Abbiamo provato brevemente la CX-80 nella versione ibrida plug-in dove la parte elettrica, come in altri casi, fa miracoli nel muovere con disinvoltura e brillantezza quasi 22 quintali di macchina, da solo o insieme al 4 cilindri che risulta silenzioso e anche dotato di una tonalità particolarmente discreta. Diverso invece il 6 cilindri a gasolio che risponde e spinge bene sin dai regimi più bassi anche se le caratteristiche più sorprendenti riguardano il sound e l’erogazione che è robusta ai medi regimi e non accenna minimamente a calare anche dopo i 5.000 giri/min dove è solo il limitatore a fermarne l’allungo. Il tutto con una timbrica davvero particolare che a volte ricorda quasi un motore da corsa. Un mix di sensazioni inattese su una vettura del genere accompagnato da un cambio non velocissimo nel kick-down, ma comunque efficace e da prestazioni convincenti, anche quando c’è la possibilità di viaggiare ad alta velocità, come è permesso di fare su alcuni tratti delle autostrade tedesche dove l’abbiamo guidata.
La CX-80 non solo è rapida nel raggiungerle e mantenerle, ma è anche silenziosa nonostante i cristalli laterali non siano stratificati. Il passo lungo poi dà una naturale mano per la stabilità sulle curve veloci. Sul misto la nota gradevole viene dalla compostezza, aiutata dal (KPC – Kinematic Posture Control) che regola l’equilibrio del corpo vettura sui due assali agendo sui freni, dalla buona tenuta di strada e dallo sterzo davvero preciso e comunicativo. In città poi la sensazione non è quella di dover governare un transatlantico. Aiuta la buona visibilità ed è sorprendente quanto sia ridotto il raggio di sterzata a vantaggio di manovre e inversioni di marcia. Nota infine estremamente positiva per i consumi: i 6 litri/100 km sono la norma, anche spingendoci oltre i 200 km/h in autostrada è difficile superare i 7 litri/100 km e, se si è un po’ più cauti, si arriva a risultati quasi miracolosi per un’auto di questa stazza e di questo peso. Fatto sta che, con 74 litri di serbatoio, la CX-80 può viaggiare senza rifornirsi per almeno mille km.

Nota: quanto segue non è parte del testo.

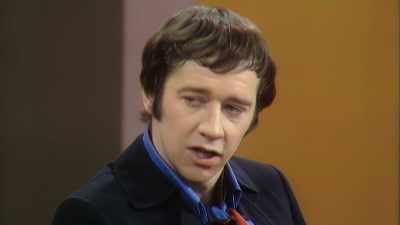 And it happened
in Greenwich Village - George Carlin's American Dream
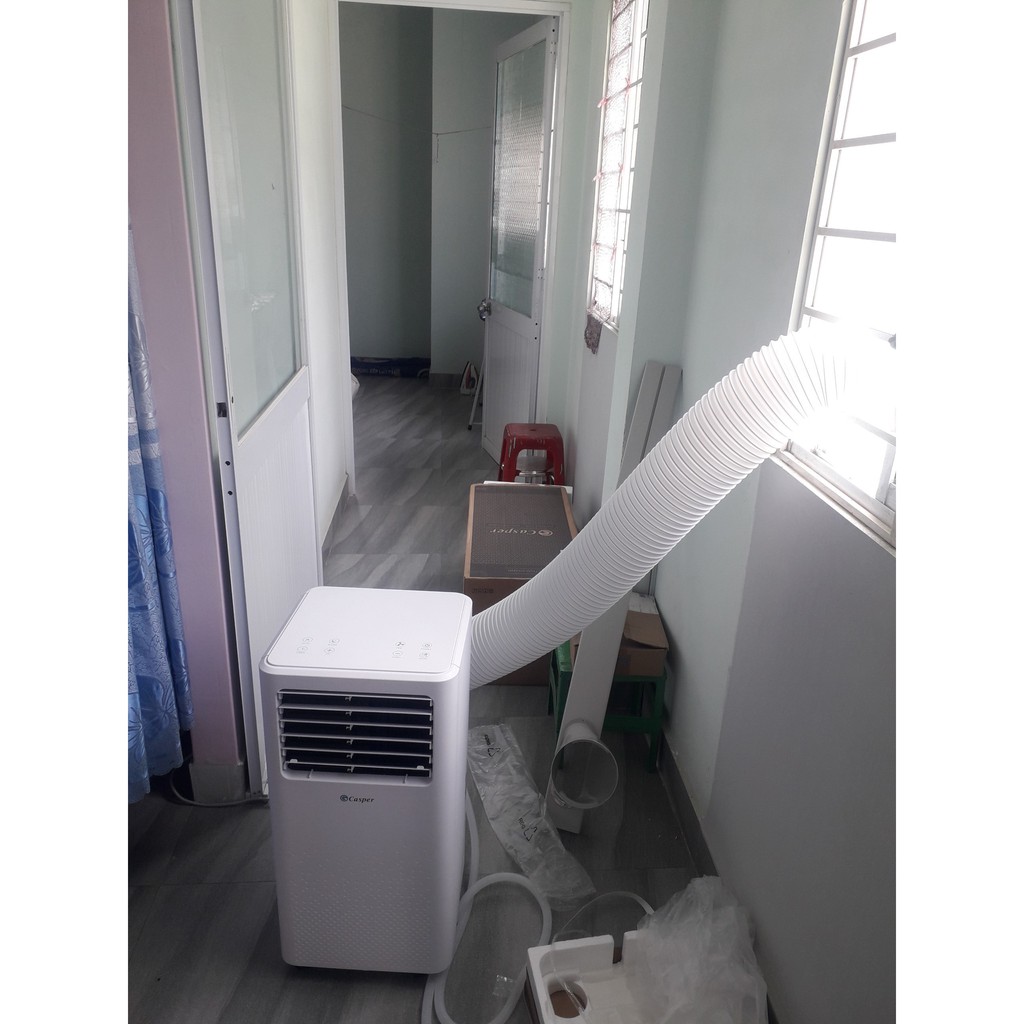 [HCM]Máy lạnh di động Casper PC-09TL33 (1.0 HP) (Miễn phí giao tại HCM-ngoài tỉnh liên hệ shop)
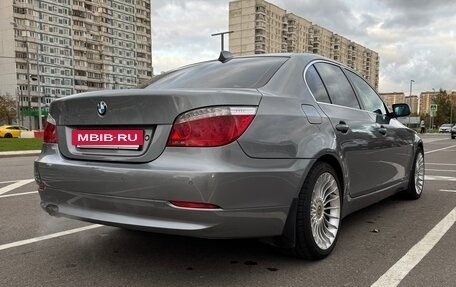 BMW 5 серия, 2008 год, 1 200 000 рублей, 6 фотография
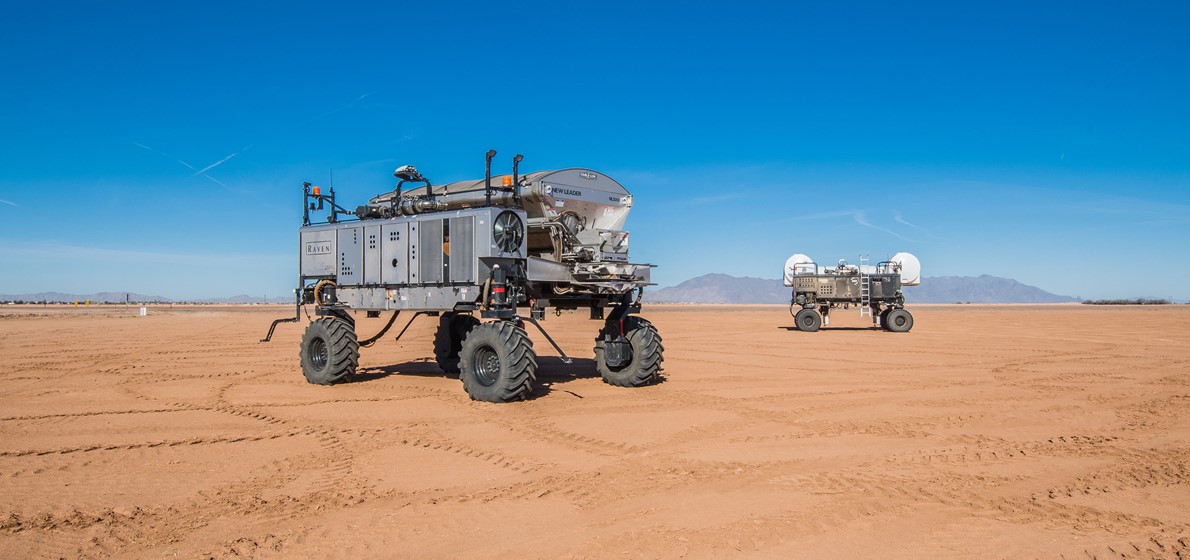 CNH Industrial invests in Advanced Engineering Center in Arizona, USA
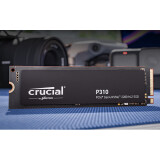 SSD storage 2TB Crucial P310 (CT2000P310SSD8)
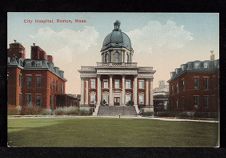 City Hospital, Boston, Mass.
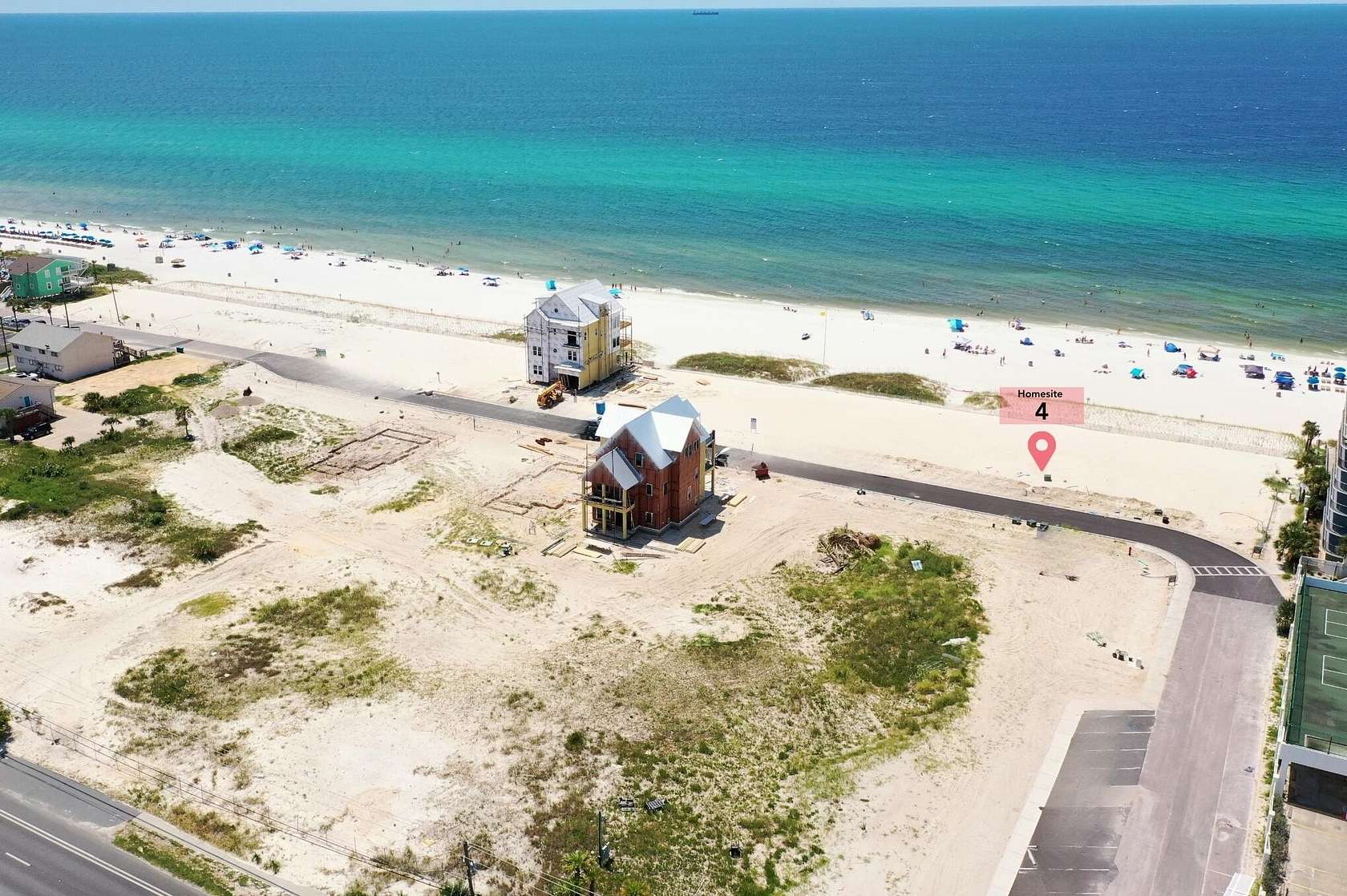 0.27 Acres of Residential Land for Sale in Panama City Beach, Florida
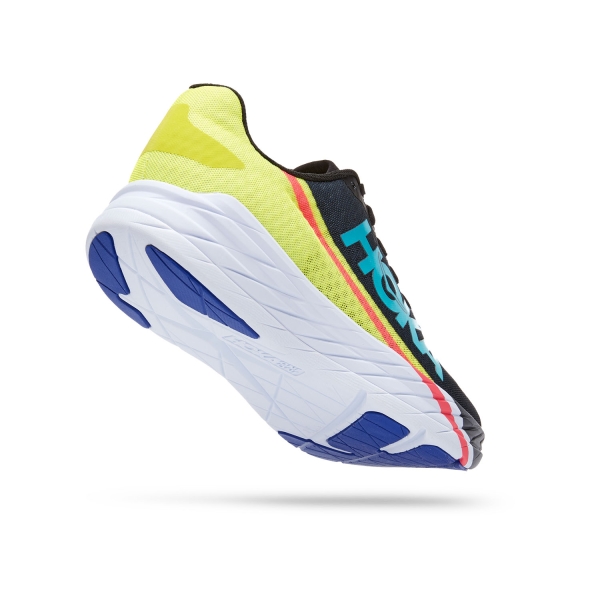 Hoka Rocket X - Black/Evening Primrose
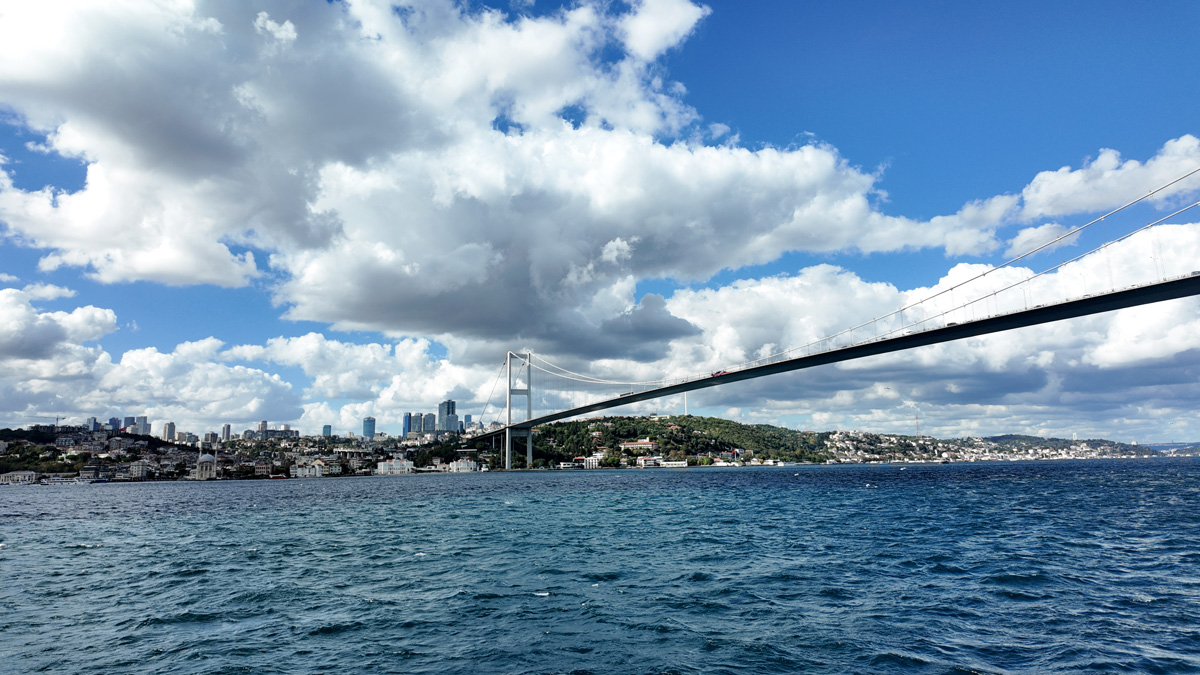 2 Hours Bosphorus Boat Tours - Morning Tour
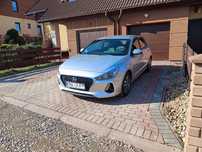 Hyundai I30 Ładny Hyundai I30 Diesel z niewielką ilością kilometrów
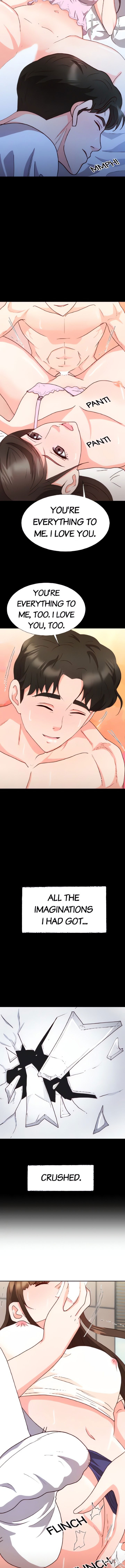 Her Obedient Toy Her Obedient Toy Chapter 17 - P&aacute;gina 9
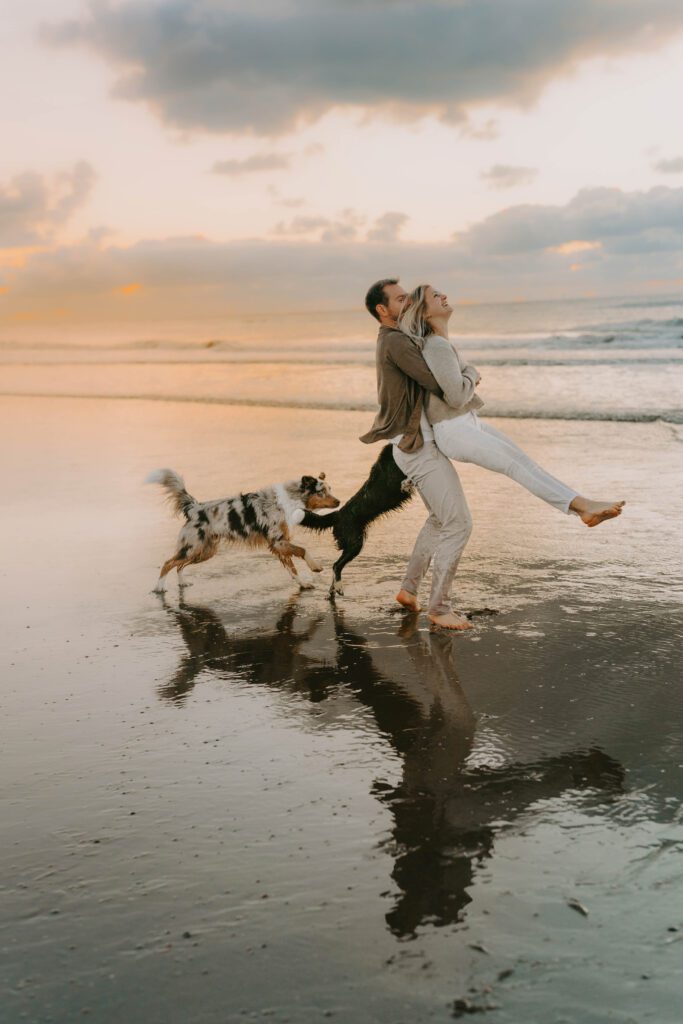 6. Google My Business und Lokales SEO Erstelle einen Google My Business Eintrag, auch wenn du keinen physischen Standort hast. Nutze Begriffe wie „Hundefotograf Zandvoort“ oder „Fotoshooting Hund Holland“. Ergänze lokal relevante Inhalte, z. B. Infos über Strände oder Hunderegeln in Holland.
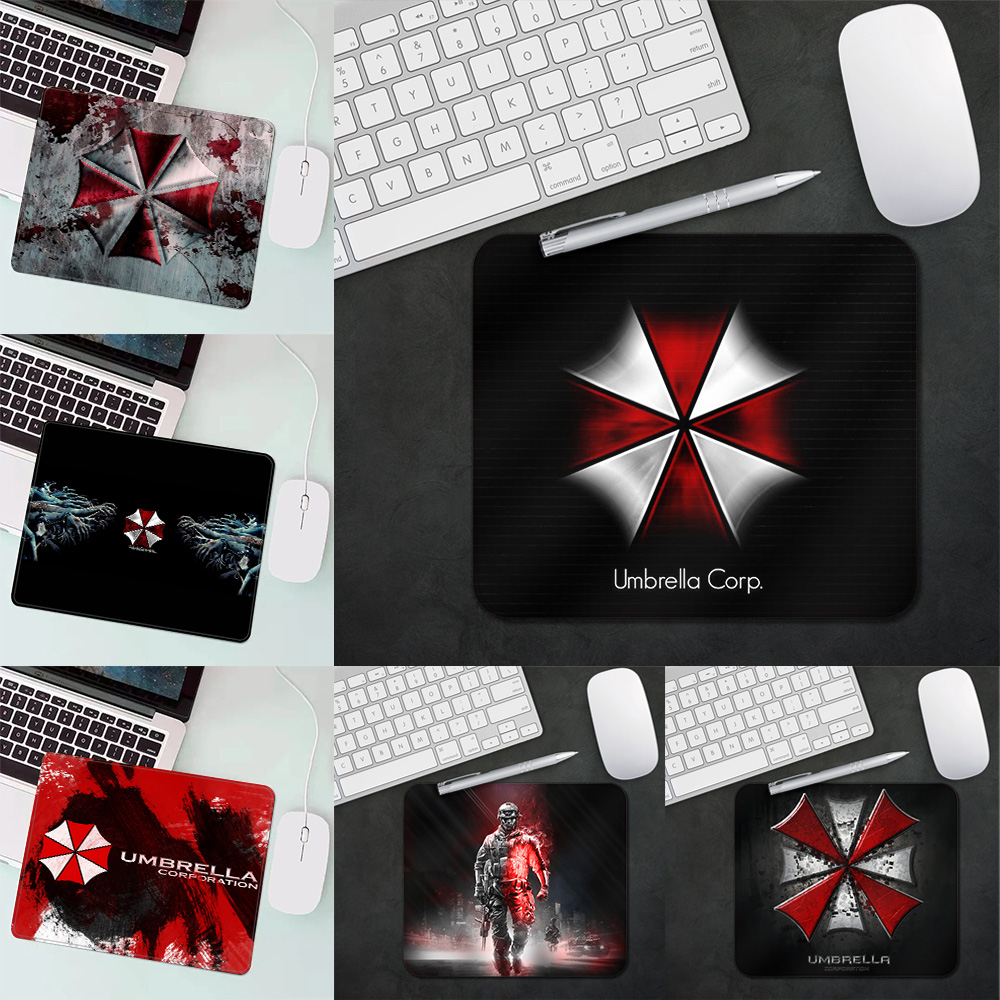 Pc Gaming Umbrella - Umbrella Corporation Gaming Mouse Pad XS
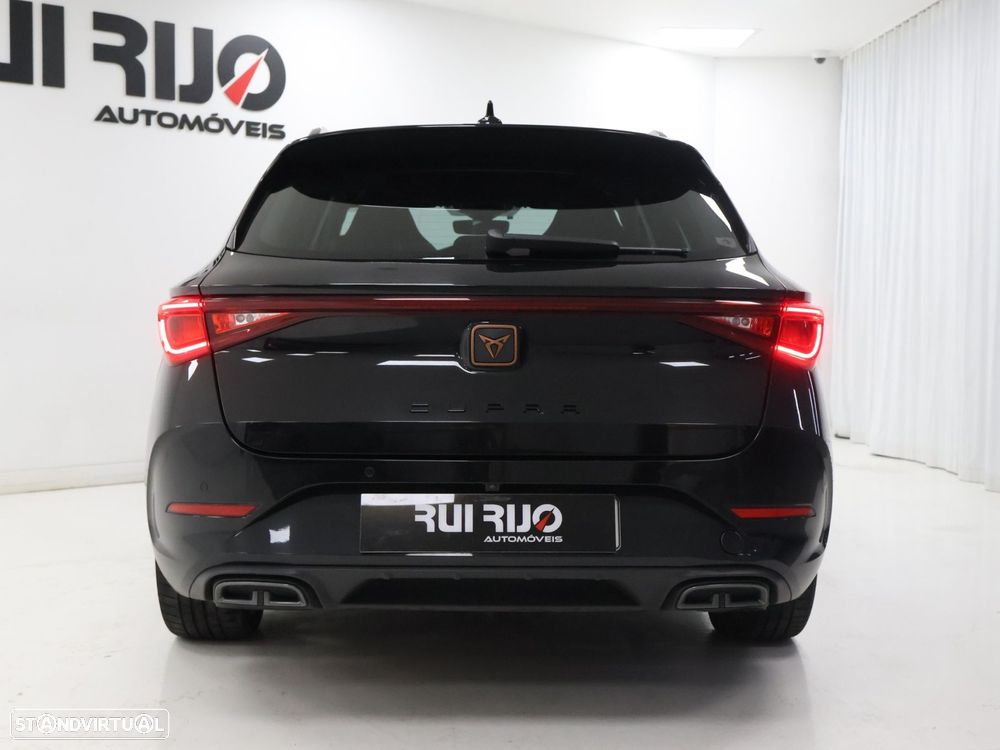 Cupra Leon ST 1.5 eTSI MID DSG - 32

La nuova Mazda CX-80 è offerta in cinque allestimenti (Exclusive Line, Nomura, Nomura Plus, Takumi e Takumi Plus) con un prezzo che parte da 61.235 euro per la PHEV e di 62.870 euro per la diesel, dunque la differenza con le corrispondenti versioni della CX-60 è esattamente di 3.900 euro. Le ambizioni commerciali non possono che essere commisurate alle quote di mercato del marchio e alla tipologia di vettura mentre è più importante il ruolo che la nuova arrivata può svolgere per i margini, la presenza in segmenti prediletti dalla flotte e infine per l’immagine di un brand che vuol far valere il proprio patrimonio tecnologico e la propria originalità presso una clientela che finora l’ha snobbata.